Run PaCMAP dimensionality reduction

pacmap(
  embedding,
  n_components = 2,
  n_neighbors = 10,
  MN_ratio = 0.5,
  FP_ratio = 2,
  distance = "euclidean",
  lr = 1,
  num_iters = 450,
  verbose = FALSE,
  apply_pca = TRUE
)

Arguments

embedding

a numeric matrix containing a text embedding.

n_components

an integer Dimensions of the embedded space. Default is 2.

n_neighbors

an integer specifying the number of neighbors considered for nearest neighbor pairs for local structure preservation. Default is 10.

MN_ratio

a numeric specifying the ratio of mid-near pairs to nearest-neighbor pairs (e.g. n_neighbors=10, MN_ratio=0.5 means 5 mid-near pairs).

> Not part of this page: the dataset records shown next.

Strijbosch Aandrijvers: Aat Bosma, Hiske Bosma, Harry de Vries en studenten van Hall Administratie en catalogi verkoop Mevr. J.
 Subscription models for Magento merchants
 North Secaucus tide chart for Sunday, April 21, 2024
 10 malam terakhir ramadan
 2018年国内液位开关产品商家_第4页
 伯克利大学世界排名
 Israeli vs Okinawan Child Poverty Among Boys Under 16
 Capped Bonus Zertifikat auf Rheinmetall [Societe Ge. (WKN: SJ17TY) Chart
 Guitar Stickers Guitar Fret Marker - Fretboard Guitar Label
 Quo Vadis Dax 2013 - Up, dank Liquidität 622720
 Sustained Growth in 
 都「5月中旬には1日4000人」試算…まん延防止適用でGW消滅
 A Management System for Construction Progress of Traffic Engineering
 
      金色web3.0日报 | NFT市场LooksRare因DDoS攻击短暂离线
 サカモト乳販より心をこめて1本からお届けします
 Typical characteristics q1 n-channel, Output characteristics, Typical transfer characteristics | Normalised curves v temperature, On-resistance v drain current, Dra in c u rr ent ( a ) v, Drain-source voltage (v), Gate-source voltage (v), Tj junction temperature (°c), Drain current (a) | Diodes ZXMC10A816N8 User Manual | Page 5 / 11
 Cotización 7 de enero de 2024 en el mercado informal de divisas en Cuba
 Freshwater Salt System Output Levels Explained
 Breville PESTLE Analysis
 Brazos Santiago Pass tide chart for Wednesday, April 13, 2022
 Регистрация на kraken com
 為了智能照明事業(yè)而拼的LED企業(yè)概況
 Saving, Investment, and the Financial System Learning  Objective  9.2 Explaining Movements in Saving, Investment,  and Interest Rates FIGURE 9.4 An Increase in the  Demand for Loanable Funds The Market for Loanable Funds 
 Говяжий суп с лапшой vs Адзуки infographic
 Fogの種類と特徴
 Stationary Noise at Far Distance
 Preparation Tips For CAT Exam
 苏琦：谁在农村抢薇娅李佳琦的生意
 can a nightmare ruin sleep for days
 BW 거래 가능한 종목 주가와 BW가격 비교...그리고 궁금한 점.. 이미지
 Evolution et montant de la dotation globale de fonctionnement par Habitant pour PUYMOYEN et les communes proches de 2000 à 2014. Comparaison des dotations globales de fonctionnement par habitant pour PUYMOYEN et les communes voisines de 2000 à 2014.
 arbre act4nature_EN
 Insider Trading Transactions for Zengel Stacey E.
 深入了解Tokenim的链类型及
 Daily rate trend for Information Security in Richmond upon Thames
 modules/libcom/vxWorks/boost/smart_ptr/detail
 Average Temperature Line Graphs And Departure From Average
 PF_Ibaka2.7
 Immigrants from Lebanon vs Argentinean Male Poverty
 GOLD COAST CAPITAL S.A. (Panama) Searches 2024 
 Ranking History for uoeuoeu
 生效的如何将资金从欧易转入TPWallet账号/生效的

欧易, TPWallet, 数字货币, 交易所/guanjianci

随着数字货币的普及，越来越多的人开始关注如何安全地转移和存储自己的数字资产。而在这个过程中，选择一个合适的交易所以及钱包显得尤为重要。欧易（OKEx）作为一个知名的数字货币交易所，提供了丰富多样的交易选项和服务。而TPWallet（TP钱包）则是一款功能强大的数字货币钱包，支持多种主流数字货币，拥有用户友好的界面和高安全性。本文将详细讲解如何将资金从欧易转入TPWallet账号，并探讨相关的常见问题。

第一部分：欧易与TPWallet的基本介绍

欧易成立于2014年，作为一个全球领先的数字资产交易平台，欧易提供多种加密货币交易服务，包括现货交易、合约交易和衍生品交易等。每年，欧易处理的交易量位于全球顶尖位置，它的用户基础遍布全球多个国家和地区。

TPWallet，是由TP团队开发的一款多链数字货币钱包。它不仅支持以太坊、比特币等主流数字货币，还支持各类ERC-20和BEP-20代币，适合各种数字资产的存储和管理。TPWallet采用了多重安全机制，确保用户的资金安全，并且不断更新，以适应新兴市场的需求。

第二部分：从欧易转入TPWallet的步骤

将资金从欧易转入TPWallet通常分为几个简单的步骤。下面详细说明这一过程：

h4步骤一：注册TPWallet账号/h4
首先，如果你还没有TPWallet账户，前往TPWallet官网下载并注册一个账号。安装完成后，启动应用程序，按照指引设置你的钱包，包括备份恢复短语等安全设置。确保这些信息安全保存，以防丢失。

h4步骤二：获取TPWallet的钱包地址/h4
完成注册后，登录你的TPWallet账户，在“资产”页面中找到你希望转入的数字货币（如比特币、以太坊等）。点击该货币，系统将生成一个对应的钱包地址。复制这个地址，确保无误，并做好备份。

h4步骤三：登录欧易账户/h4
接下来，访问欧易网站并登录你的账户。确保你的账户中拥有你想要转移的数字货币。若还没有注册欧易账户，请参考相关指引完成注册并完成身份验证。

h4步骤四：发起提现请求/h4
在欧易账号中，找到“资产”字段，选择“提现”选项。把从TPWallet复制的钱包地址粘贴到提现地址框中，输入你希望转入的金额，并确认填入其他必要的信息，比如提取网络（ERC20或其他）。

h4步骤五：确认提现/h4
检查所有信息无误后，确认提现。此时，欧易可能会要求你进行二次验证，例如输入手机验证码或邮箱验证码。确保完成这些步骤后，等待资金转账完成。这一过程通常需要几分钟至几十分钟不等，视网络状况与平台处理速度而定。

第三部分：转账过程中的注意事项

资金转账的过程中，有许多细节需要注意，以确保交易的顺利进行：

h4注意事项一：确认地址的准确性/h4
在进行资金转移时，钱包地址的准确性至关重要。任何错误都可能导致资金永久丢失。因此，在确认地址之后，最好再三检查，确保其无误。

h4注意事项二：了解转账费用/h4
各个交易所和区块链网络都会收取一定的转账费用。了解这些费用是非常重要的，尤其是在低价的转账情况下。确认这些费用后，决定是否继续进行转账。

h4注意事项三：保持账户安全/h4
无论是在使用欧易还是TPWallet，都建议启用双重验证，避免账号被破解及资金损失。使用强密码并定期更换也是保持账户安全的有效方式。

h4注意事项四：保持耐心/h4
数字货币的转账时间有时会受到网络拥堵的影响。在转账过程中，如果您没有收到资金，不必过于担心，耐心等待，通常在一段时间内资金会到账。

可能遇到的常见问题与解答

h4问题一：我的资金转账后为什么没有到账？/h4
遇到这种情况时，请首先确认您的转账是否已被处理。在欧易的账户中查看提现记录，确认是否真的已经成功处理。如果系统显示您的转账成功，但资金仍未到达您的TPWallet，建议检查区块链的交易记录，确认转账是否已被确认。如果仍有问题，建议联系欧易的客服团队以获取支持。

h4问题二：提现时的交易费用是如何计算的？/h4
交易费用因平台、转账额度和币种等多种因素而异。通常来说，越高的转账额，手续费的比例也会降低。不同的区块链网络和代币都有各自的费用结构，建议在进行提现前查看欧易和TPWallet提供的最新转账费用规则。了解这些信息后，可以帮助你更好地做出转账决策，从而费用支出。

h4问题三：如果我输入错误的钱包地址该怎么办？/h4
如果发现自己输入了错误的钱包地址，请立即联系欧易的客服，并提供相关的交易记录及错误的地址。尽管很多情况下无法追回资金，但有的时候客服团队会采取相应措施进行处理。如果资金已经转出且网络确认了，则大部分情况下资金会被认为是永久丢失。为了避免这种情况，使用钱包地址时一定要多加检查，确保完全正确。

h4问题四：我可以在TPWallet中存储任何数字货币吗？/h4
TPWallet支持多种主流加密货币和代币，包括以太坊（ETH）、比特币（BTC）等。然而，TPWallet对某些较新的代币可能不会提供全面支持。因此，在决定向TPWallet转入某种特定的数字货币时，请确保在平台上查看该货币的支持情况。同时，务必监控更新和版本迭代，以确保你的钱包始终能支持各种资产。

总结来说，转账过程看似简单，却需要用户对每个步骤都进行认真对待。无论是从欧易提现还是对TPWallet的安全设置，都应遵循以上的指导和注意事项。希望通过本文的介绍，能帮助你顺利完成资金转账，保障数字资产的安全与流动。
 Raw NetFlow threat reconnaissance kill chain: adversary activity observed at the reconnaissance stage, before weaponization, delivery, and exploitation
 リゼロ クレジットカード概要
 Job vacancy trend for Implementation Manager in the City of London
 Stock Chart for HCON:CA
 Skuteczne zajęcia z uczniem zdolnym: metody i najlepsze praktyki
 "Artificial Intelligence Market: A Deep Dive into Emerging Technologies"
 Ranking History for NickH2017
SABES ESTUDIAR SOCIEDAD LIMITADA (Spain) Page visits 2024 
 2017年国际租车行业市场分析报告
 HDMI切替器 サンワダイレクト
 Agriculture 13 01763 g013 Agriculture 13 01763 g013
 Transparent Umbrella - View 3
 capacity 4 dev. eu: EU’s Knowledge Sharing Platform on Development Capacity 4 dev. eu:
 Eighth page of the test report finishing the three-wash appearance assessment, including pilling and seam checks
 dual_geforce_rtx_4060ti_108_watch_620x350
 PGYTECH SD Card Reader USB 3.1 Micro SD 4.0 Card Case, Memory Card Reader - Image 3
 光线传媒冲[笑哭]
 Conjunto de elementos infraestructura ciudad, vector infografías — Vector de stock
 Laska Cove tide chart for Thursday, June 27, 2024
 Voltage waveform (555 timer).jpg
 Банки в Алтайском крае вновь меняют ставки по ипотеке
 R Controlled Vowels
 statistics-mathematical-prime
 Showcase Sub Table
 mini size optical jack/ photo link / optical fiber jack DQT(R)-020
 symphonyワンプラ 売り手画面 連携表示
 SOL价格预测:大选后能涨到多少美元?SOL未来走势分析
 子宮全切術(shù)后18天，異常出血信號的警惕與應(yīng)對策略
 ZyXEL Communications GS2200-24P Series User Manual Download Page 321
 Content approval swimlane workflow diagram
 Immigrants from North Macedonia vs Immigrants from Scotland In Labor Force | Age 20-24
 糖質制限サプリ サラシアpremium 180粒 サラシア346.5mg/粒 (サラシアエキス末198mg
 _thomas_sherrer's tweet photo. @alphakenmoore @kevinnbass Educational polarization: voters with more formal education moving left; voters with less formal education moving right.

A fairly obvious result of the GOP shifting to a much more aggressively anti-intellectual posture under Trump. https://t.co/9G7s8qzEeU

Mid-near pairs are used for global structure preservation. Default is .5.

FP_ratio

a numeric specifying the ratio of further pairs to nearest-neighbor pairs (e.g. n_neighbors=10, FP_ratio=2 means 20 further pairs). Further pairs are used for both local and global structure preservation. Default is 2.

distance

a character string specifying the distance metric. One of c("euclidean", "manhattan", "angular", "hamming"). Default is "euclidean".

lr

a numeric specifying the learning rate of the Adam optimizer for embedding. Default is 1.

num_iters

an integer specifying the number of iterations for the optimization of embedding. Values greater than 250 are recommended. Default is 450.

verbose

a logical specifying whether to show messages during initialization and fitting. Default is FALSE.

apply_pca:

a logical specifying whether to apply PCA on the data before pair construction. Default is FALSE.

Value

The function returns a matrix containing projected coordinates for each embedding vectors. The matrix has nrow(embedding) rows and n_components columns.

Details

Function wraps around the PaCMAP Python module found at github.com/YingfanWang/PaCMAP. Function adapted from /github.com/milescsmith/ReductionWrappers.

PaCMAP (Pairwise Controlled Manifold Approximation) Maps high-dimensionaldataset to a low-dimensional embedding. For details see jmlr.org/papers/volume22/20-1061/20-1061.pdf.